Chances are that most of the transactional data in your organization are still stored in relational databases like SQL Server, Oracle and DB2. When modernizing your application landscape this will rapidly change. Why? And what does that mean?
The problem with relational databases
Modern software solutions are service oriented and very distributed, where the systems of record are still hardly having a user interface but do have good, mediated APIs that expose business logic as services. And the tailormade solutions are created through low-code and integration on top of these APIs. The composition of these services exposed through APIs is taking place on a higher level. That is where the differentation takes place. That’s where you use small apps that do exactly what you need, fully integrated with your application landscape. The underlying systems of record will in the meantime also be modernized by the suppliers, where these will also move away from the silo approach and relational databases. Mark my words.
There are three great problems with relational databases:
- Relations are hardcoded, to ensure referential integrity. This cannot be used anymore in a software architecture based on microservices and apps.
- Transactions are executed in the context of this one database. That no longer works in a distributed application landscape. Commit and rollback are phenomenons of the 80’s that cannot be used any longer.
- And, not to forget, the costs of relational databases are way to high, because most of the times they are end-user based.
In practice, lots of relational databases are misused to store non-relational data. Just because the thing is already there and operated. And because it easily goes with the regular backups. That’s a wrong strategy. It should change. Now.
How to prepare?
Now is the time to slowly say goodbye to relational databases in your tailormade solutions. For every need of data storage, try to find out how relations with other data can be created. These days, there are lots of different storage methods, especially in the cloud. To name a few:
- NoSQL or Document database – here you can for example store JSON objects and search easily and flexibly. These databases don’t use schemas.
- Graph database – this is where you can store all kinds of information and dynamically create n:m relations. Ideal to create profiles and have the data that is interesting for you actually come to you.
- Data lake – here you can store all kinds of varieties, volumes and volocities of data and do big data analyses. This will often be machine generated data, such as with IoT scenarios.
In a (micro)service architecture it is important to cater for eventual consistency. The database cannot take care of that for you anymore, simply because that cannot be done overarching multiple databases. How you organize your services and APIs will become more and more important, including the data architecture belonging with that.

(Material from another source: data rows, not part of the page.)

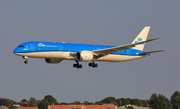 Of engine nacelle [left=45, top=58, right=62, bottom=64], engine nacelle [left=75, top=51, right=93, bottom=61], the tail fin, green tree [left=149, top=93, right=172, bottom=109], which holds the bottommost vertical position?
green tree [left=149, top=93, right=172, bottom=109]

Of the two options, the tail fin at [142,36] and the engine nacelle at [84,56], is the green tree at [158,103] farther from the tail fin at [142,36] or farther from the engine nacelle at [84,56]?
the engine nacelle at [84,56]

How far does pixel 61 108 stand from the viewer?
9738cm

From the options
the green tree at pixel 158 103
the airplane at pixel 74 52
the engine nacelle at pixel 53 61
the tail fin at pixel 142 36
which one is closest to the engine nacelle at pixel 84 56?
the airplane at pixel 74 52

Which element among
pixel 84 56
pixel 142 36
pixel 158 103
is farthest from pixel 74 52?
pixel 158 103

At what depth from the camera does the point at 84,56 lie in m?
64.8

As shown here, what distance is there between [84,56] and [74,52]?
8.11ft

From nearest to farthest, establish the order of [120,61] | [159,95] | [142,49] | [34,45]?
[34,45]
[120,61]
[142,49]
[159,95]

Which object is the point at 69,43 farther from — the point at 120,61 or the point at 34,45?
the point at 120,61

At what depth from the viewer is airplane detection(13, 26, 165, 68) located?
6206 centimetres

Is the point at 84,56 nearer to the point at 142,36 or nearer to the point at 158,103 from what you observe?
the point at 142,36

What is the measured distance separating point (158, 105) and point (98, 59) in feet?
127

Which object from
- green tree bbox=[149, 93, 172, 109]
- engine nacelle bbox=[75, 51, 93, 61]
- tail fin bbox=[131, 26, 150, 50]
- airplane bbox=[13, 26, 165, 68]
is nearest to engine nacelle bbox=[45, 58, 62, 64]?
airplane bbox=[13, 26, 165, 68]

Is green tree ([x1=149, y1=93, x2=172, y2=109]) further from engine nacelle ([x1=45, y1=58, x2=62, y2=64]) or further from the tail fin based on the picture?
engine nacelle ([x1=45, y1=58, x2=62, y2=64])

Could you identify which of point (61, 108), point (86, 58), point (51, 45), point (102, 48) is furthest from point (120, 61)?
point (61, 108) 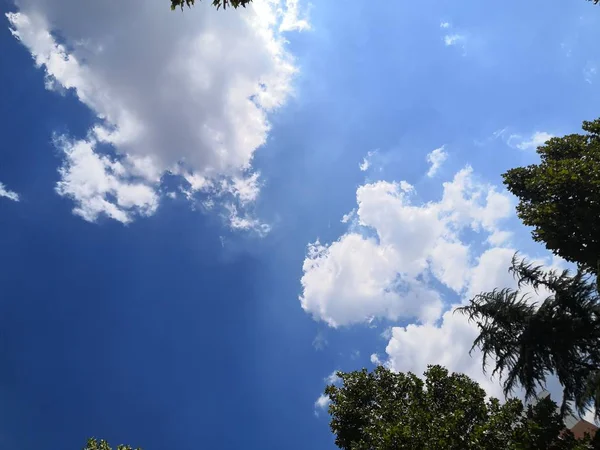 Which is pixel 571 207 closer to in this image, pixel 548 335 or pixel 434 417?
pixel 548 335

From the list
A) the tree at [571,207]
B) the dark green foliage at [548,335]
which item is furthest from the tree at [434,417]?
the tree at [571,207]

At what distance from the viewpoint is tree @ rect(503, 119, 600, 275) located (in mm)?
16969

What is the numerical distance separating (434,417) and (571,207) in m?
13.0

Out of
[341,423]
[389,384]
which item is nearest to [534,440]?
[389,384]

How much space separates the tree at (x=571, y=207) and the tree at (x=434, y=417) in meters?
7.53

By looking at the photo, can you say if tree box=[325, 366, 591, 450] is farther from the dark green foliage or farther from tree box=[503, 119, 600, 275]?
tree box=[503, 119, 600, 275]

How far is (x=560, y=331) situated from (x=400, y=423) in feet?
27.9

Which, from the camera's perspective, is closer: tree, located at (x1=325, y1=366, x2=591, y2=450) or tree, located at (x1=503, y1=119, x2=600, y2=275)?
tree, located at (x1=325, y1=366, x2=591, y2=450)

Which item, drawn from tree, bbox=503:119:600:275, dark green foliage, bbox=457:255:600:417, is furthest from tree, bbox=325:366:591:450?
tree, bbox=503:119:600:275

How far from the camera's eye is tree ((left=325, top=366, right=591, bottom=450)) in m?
14.6

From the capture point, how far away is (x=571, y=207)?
58.5 feet

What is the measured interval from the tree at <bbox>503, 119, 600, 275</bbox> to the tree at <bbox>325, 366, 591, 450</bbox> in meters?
7.53

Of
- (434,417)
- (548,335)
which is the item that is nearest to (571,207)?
(548,335)

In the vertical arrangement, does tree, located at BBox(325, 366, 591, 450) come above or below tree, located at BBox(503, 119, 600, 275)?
below
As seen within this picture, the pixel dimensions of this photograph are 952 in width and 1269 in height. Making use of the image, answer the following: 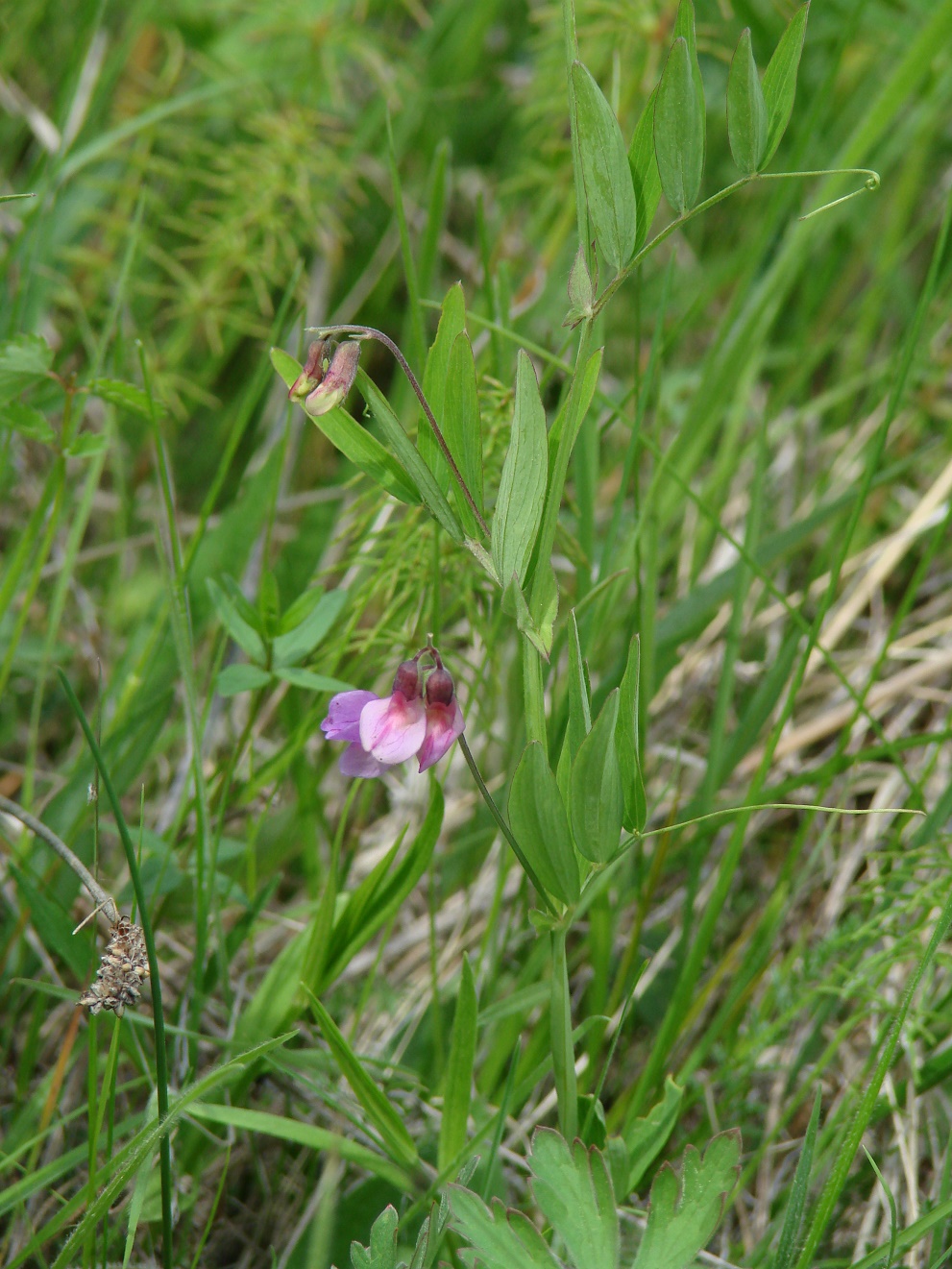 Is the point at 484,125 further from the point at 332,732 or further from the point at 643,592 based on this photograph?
the point at 332,732

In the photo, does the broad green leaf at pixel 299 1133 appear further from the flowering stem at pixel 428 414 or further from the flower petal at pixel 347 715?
the flowering stem at pixel 428 414

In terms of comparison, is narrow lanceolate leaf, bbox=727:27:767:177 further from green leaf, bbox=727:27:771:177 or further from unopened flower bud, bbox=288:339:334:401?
unopened flower bud, bbox=288:339:334:401

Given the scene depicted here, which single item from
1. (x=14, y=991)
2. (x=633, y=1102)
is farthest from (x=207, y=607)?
(x=633, y=1102)

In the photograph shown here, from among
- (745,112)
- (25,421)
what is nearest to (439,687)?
(745,112)

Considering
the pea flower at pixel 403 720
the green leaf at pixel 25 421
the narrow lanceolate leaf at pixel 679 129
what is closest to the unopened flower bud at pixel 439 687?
the pea flower at pixel 403 720

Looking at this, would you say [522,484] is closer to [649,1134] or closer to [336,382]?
[336,382]

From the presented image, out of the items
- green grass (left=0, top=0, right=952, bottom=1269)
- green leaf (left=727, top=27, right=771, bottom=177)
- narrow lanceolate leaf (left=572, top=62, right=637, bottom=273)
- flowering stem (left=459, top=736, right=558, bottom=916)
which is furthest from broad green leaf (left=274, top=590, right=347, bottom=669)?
green leaf (left=727, top=27, right=771, bottom=177) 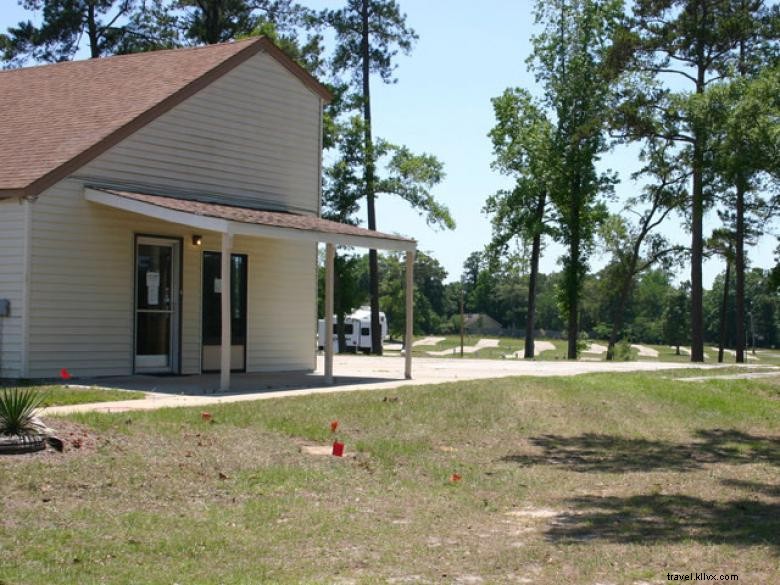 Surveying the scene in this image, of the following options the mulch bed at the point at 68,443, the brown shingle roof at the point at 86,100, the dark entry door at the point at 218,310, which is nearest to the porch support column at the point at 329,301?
the dark entry door at the point at 218,310

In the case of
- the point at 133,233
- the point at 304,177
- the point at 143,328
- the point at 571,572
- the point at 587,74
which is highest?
the point at 587,74

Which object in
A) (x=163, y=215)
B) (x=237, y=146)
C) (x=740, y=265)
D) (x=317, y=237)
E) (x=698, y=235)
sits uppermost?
(x=237, y=146)

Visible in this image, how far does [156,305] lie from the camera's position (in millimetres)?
18000

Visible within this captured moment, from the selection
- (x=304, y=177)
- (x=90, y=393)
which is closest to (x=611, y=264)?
(x=304, y=177)

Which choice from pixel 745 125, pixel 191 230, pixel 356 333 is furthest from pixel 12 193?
pixel 356 333

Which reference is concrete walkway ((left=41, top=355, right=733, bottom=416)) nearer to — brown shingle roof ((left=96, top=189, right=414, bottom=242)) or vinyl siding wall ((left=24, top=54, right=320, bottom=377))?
vinyl siding wall ((left=24, top=54, right=320, bottom=377))

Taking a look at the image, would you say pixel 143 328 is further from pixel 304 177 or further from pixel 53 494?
pixel 53 494

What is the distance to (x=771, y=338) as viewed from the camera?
11262 centimetres

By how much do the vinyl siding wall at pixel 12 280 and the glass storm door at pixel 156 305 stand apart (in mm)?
2209

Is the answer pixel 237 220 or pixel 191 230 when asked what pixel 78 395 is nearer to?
pixel 237 220

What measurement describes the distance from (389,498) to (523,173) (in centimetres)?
3380

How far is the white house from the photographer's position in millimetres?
15875

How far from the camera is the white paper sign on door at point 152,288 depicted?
17.8m

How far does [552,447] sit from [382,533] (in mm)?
5499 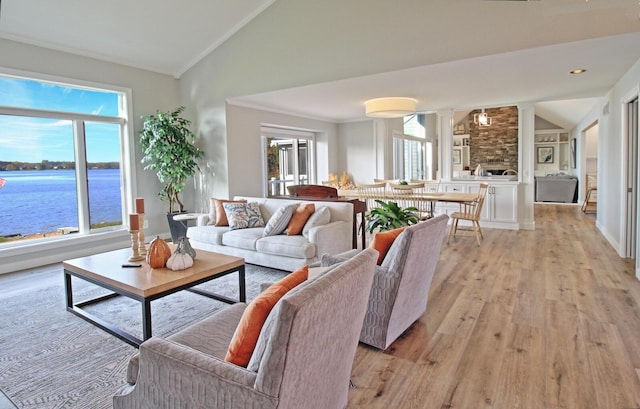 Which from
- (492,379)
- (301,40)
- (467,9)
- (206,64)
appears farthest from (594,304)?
(206,64)

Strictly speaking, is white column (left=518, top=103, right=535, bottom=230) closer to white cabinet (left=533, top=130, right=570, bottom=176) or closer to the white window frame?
the white window frame

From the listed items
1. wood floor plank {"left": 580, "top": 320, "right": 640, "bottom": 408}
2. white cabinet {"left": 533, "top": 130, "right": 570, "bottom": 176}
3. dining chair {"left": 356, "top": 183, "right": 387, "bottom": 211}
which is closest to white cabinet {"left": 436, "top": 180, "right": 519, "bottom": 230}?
dining chair {"left": 356, "top": 183, "right": 387, "bottom": 211}

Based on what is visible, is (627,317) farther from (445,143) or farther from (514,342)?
(445,143)

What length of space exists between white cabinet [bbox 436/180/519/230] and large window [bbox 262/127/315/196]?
3.19 metres

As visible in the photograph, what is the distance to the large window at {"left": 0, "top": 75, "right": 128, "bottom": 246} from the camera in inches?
184

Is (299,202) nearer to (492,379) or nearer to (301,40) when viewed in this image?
(301,40)

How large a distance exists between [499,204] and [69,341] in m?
6.69

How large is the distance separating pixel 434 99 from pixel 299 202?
10.5 ft

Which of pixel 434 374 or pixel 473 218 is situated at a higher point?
pixel 473 218

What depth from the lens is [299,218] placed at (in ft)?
14.1

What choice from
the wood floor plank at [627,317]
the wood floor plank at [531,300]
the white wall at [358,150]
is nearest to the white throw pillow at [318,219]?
the wood floor plank at [531,300]

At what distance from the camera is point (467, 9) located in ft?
12.8

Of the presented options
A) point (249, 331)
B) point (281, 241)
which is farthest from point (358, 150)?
point (249, 331)

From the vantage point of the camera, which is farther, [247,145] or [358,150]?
[358,150] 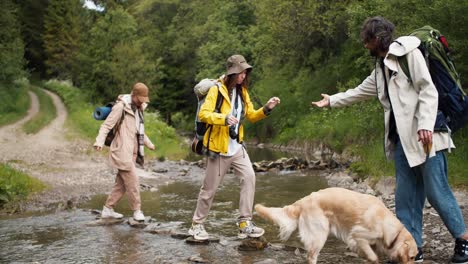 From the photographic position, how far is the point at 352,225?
534 centimetres

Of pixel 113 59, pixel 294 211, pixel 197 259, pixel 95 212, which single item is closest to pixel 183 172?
pixel 95 212

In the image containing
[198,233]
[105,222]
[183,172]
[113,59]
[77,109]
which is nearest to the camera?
[198,233]

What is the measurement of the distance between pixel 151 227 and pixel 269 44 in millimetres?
27290

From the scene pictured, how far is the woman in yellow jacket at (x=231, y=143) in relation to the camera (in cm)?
689

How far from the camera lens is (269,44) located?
112ft

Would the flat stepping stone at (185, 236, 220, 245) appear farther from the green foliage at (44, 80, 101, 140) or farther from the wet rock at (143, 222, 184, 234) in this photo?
the green foliage at (44, 80, 101, 140)

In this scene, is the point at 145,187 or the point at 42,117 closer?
A: the point at 145,187

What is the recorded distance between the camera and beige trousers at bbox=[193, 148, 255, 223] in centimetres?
704

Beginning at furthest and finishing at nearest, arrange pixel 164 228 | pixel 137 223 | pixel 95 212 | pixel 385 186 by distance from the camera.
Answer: pixel 385 186
pixel 95 212
pixel 137 223
pixel 164 228

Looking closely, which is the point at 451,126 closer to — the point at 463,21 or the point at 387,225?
the point at 387,225

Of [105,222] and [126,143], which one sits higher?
[126,143]

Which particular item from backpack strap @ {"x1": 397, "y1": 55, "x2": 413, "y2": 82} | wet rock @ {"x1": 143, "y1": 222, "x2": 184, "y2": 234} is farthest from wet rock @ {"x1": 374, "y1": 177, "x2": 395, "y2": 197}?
backpack strap @ {"x1": 397, "y1": 55, "x2": 413, "y2": 82}

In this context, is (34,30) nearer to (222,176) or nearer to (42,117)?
(42,117)

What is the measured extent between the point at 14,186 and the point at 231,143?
6.22 meters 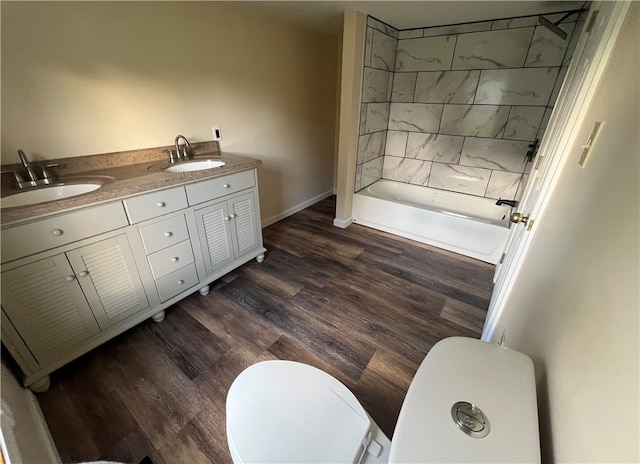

So, what about business intelligence and analytics? These solutions will have to change rapidly as well. More and more data that is needed to show in dashboards or reports will come from non relational databases. Traditional ETL cannot be used anymore. Cubes cannot be created that easily anymore. Artificial intelligence as part of your analytics solutions, even for the traditional hindsight applications (“wat happened?”), cannot be avoided. Let alone if you want predictive (“what will happen?”) or prescriptive (“what do I have to do to realize this?”) solutions. You’ll have to start thinking about these kind of things and adjust your architecture to it. Waiting for “the hype to blow over” is not a good strategy. The relational database is already clinically dead IMHO. You can throw your SQL skills in the bin in no time!